This fall I’m entering a Master of Social Work program, stepping down from my job in reproductive health, and stepping back from other reproductive justice activities. With this transition comes some sadness about being removed from reproductive health, rights, and justice circles and people who have become my allies and friends. The people who I have met over the past few years have provided constant inspiration and support and have challenged me to become a better activist and person. Not engaging with them or the issues I’m passionate about on a daily basis makes me feel like I’m losing something important.
But why do I feel this way, and why does it feel so different from the other transitions I’ve undergone thus far? Maybe it’s because I’m 25 and any life transition is going to feel this way. Or maybe it’s because I am so passionate about abortion access and reproductive justice that taking a break from that feels especially unsettling.
Maybe it’s that the next part of my life is uncertain, and that I’m not sure how reproductive justice activism will fit into it.
If I’m not actively doing activist work, does that mean that I am no longer an activist? What does being an activist even mean? I don’t envision myself as a person who will stop talking, writing, or making art about abortion rights or health care access, but maybe I will. Maybe I will take steps back as I grow older. Maybe I will spend time planning my wedding, learning, and having new experiences.
My hope however, is that no one like me will stop being a reproductive justice activist. Not until we live in a different world where everyone has the ability to plan and space their pregnancies and parent with means, support, and dignity.
That’s why I have all of you, my online Abortion Gang community. No matter what else I’m doing in my daily life, I have this community to speak and engage with, to feel connected to, and to talk about the issues that we care about. And as a social worker, I am going to be doing justice-oriented work that matters. It might not be what I’m doing now, but it will be something that will make a difference.

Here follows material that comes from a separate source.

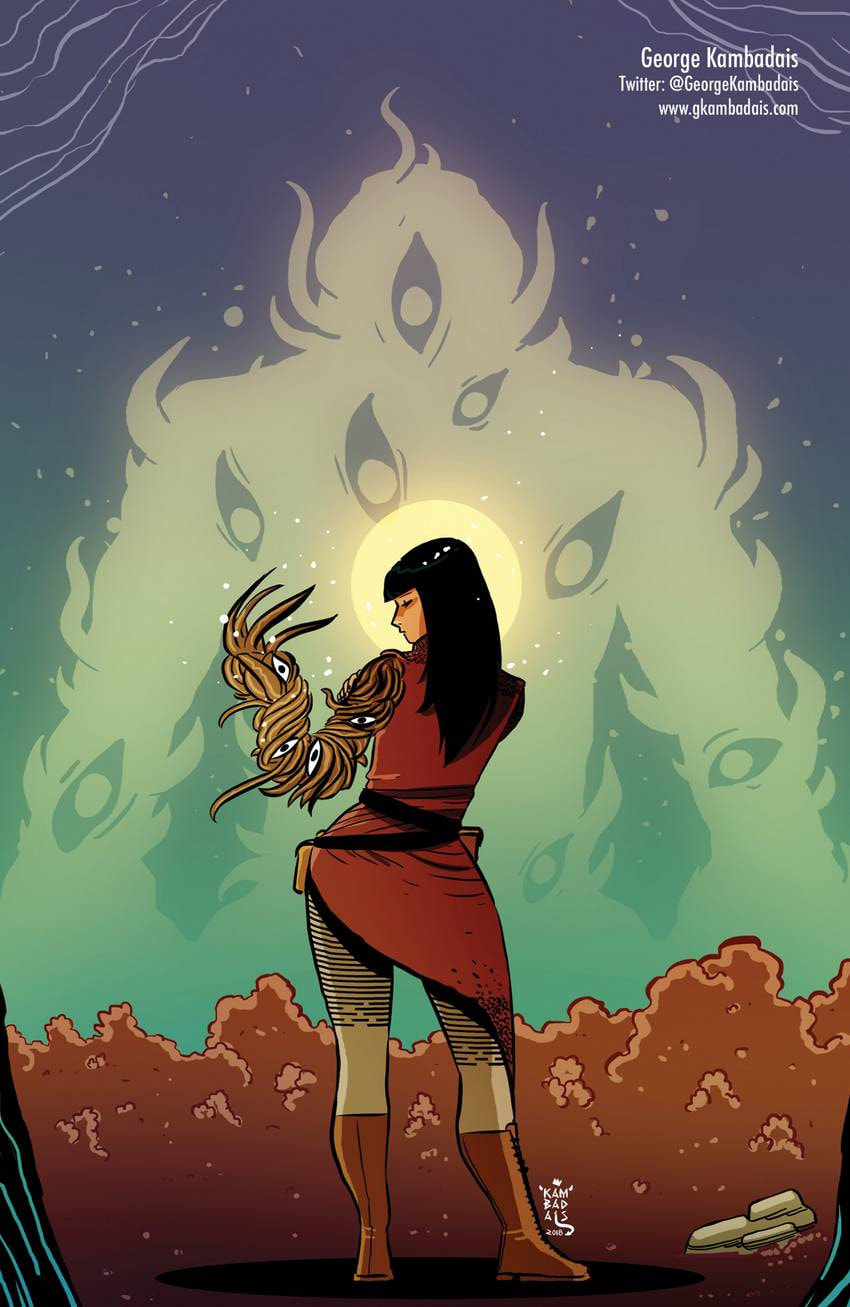 Read Monstress chapter 18 image 5 on Lezhin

The next few years will bring challenges and growth, and that must be what life and activism are about. My work will become more intersectional and I will have another frame to see things. I will bring social work to my activism and activism to my social work. I will find new things that I want to do and new communities to be a part of. I will blog more, but I won’t give up talking or fighting. I will make mistakes. I will discover what it means to care so much, although I may never figure it out completely. And I will find a new ways to dedicate my heart to my work.